If the algorithm would accept a ReadOnlySequence<byte> as input, and write its output to a given IBufferWriter<byte> instance, then I can for instance process 1GB of data without having to have found 2 blocks of 1GB of contiguous memory to allocate arrays. Instead, these two types allow for breaking up the input/output into much more conveniently sized blocks.

Can such support be added? I can already do this on top of your Stream APIs, but doing it natively would presumably be at least a bit more efficient, and possibly(?) avoid the extra dependency you have on your stream-supporting package.

Dec 27 '18 21:12 AArnott

I will take a look. I was thinking about adding some lightweight stream-like abstraction, but considered it not-so-urgent as Stream IS an abstraction.

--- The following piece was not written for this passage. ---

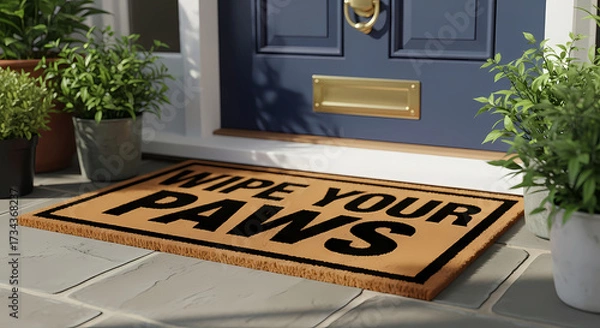 Fototapeta Charming doormat welcomes guests with a playful "Wipe Your Paws" message, adding a touch of personality to any home's entryway with pet-friendly flair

It won't be trivial though. At any point of time last 64k of uncompressed data needs to be accessible at fixed address in contiguous block of memory.

Jan 02 '19 12:01 MiloszKrajewski

Thanks.

At any point of time last 64k of uncompressed data needs to be accessible at fixed address in contiguous block of memory.

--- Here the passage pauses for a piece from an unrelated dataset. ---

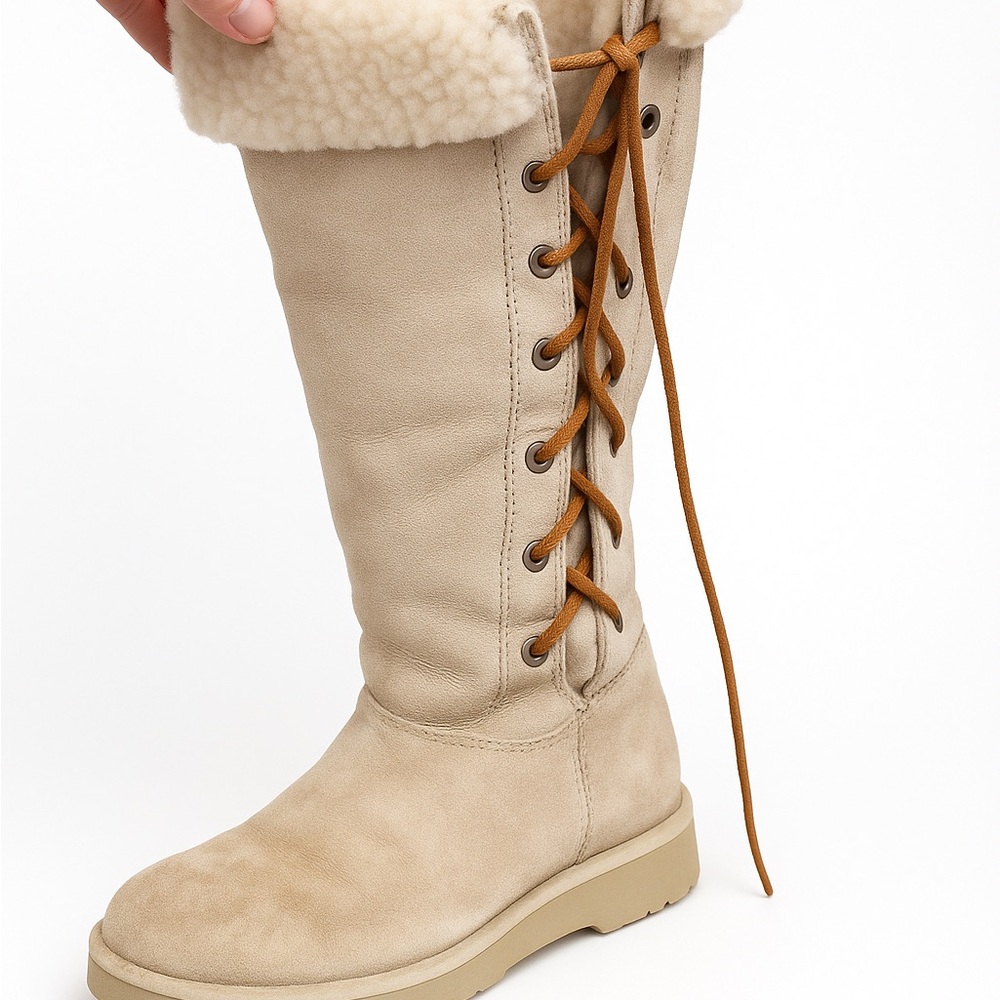 Women's Beige Lace-Up Shearling Boots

Interesting. ReadOnlySequence<byte> certainly wouldn't satisfy that guarantee, as the sequence could be blocks of any size. If they weren't of the required size you'd have to copy the bytes into a (reusable) 64KB array. I'm curious though why this is a requirement. Is it something we can fix (in a performant way) or is it in some native library that can't change?

Another idea is to still support ReadOnlySequence<byte> but document that unless the blocks are at least 64KB each, that extra copying will occur. At least with the types that I'm using to create these sequences, I can control the block size to ensure they are all at least 64KB.

Jan 02 '19 16:01 AArnott

Please note that having non-contiguous blocks of any size will not guarantee "At any point of time last 64k of uncompressed data needs to be accessible at fixed address in contiguous block of memory.". For example, even with 1MB block after writng 1MB+1byte of data last 64k is no longer in contiguous block of memory". So copying into reusable sliding buffer is the best option. And that's what LZ4ChainDecoder, LZ4ChainFastEncoder and LZ4ChainHighEncoder are doing. The complexity is just hidden.

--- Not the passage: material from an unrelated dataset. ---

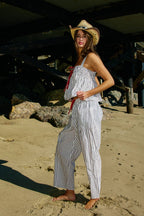Self Tie Front Stripe Print Tank Top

Jan 02 '19 17:01 MiloszKrajewski

I see. Well, documenting the anticipated perf hit from the extra mem copying from using a ReadOnlySequence<byte> with anything but a single array backing it seems reasonable. I'd still prefer that to the requirement of allocating a single array with an arbitrarily length. But hopefully the perf impact can be relatively minor.

Jan 02 '19 17:01 AArnott

Regarding IBufferWriter, see #47

Dec 29 '20 21:12 geeknoid

Since #47 was reverted, I've tried again with #50 , hopefully it'll work out better this time around :-)

Jan 20 '21 15:01 geeknoid

If have a feeling that by saying "I want to be able to effectively stream compression/decompression, but without using the Stream class" @AArnott meant using ReadOnlySequence and IBufferWriter for streaming protocol, ReadOnlySequence being kind of InputStream and IBufferWriter beging OutputStream.

@geeknoid So your changes to pickler might improve performance (if used properly) but are not addressing the problem stated in this ticket.

The problem is baked into design of "pickled" data - it is self-sufficient encapsulated datagram. I have a problem seeing how those new APIs you wrote could be effectively used.

Jan 23 '21 22:01 MiloszKrajewski

IBufferWriter is the modern efficient way to produce data without requiring the callee to allocate a buffer. Look at how serialization code works in https://github.com/protobuf-net/protobuf-net, https://github.com/neuecc/MessagePack-CSharp, and https://github.com/protocolbuffers/protobuf/tree/master/csharp. The modern additions to these packages all leverage IBufferWriter for the serialization process, and either ReadOnlyMemory or ReadOnlySpan for the deserialization process.

I've composed layers on top of this new pickling code, combined with serialization and encryption. So in one call, the user does:

myCache.Set(myValue);

And internally Set will serialize the value, then compress it, then encrypt it. All without any allocations and any data copying. It starts at the top with a pool of IBufferWriter implementations. The Set call takes a BufferWriter from the pool and passes it to the serializer which outputs into the preallocated buffer. This buffer is given to the compressor which outputs to another pooled BufferWriter. That buffer is then passed to the encryption logic, which also outputs to a pool IBufferWriter. It all composes very well indeed.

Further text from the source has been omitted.